TASK GOAL> Write out the listing below character for character, though without its pictures.

DATA PROVIDED>
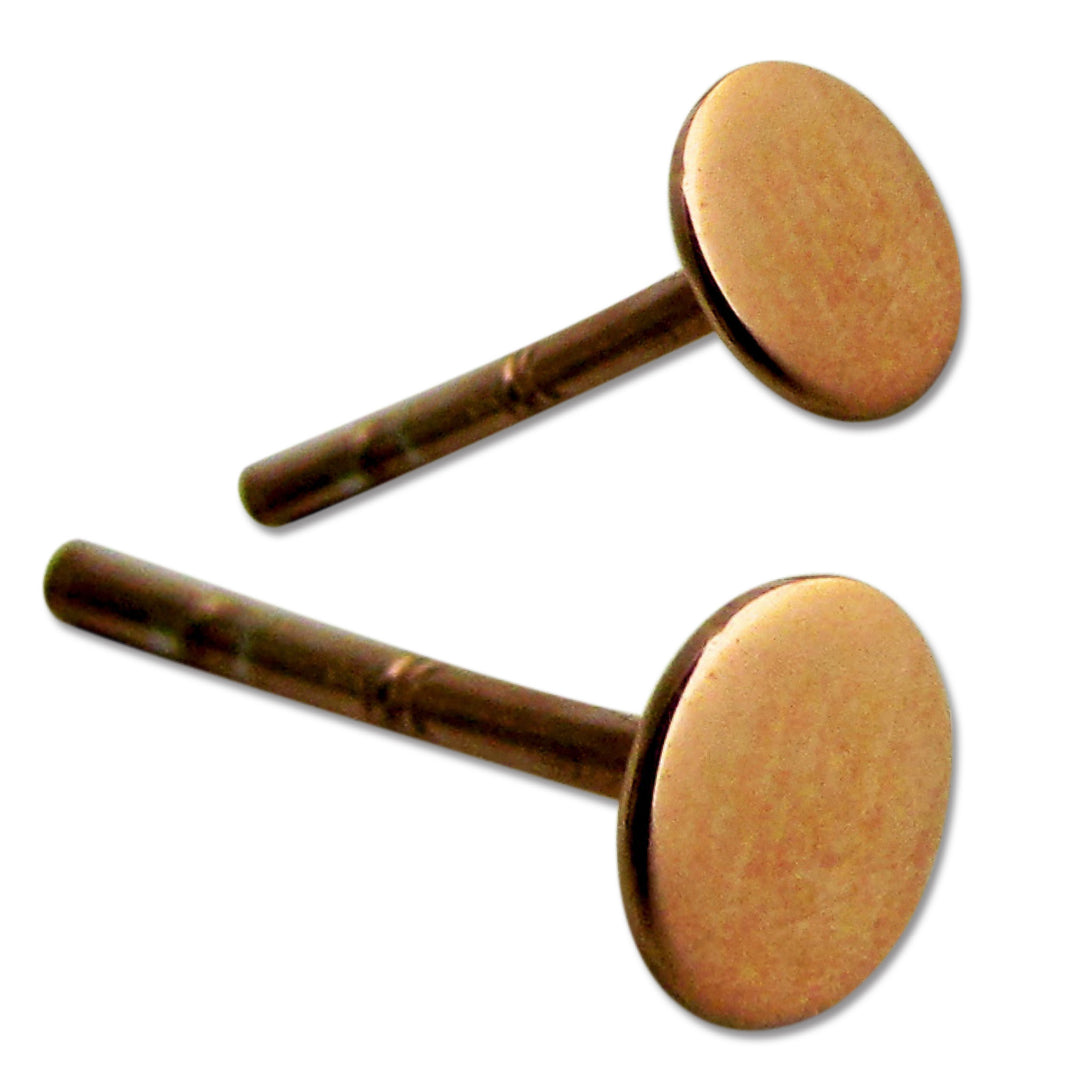 Solis rose gold stud matt or polished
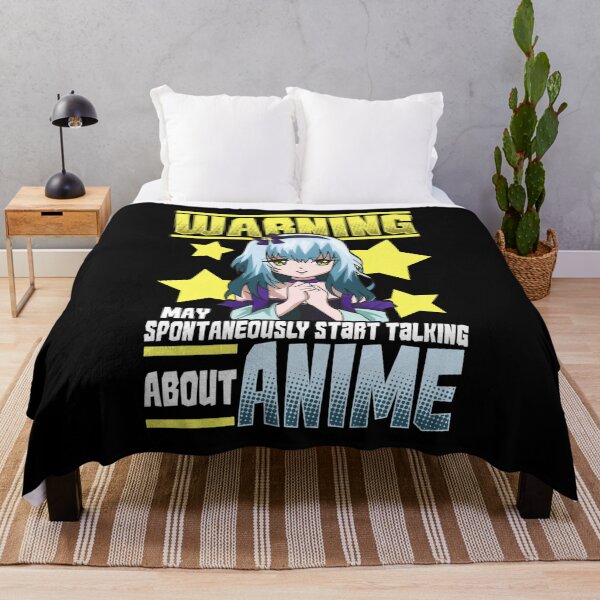 Item preview, Warning May Spontaneously Start Talking About Anime designed and sold by DPankdesign.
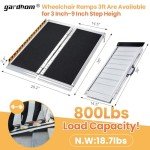 3FT Folding Aluminum Wheelchair Ramp with Non-Skid Surface
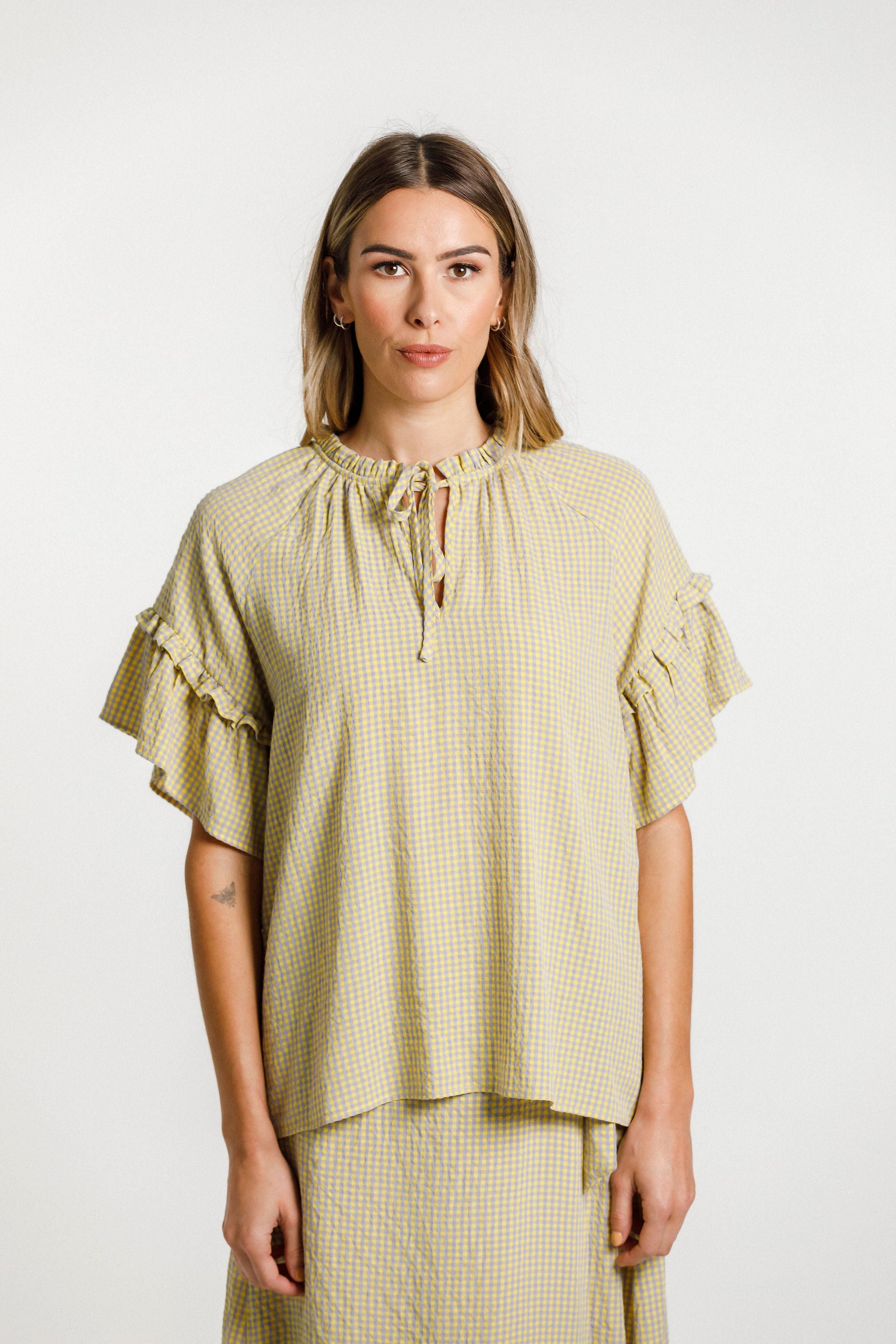 Eve Top - Sunny Gingham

WRITTEN RESPONSE>
 Solis rose gold stud matt or polished
 Item preview, Warning May Spontaneously Start Talking About Anime designed and sold by DPankdesign.
 3FT Folding Aluminum Wheelchair Ramp with Non-Skid Surface
 Eve Top - Sunny Gingham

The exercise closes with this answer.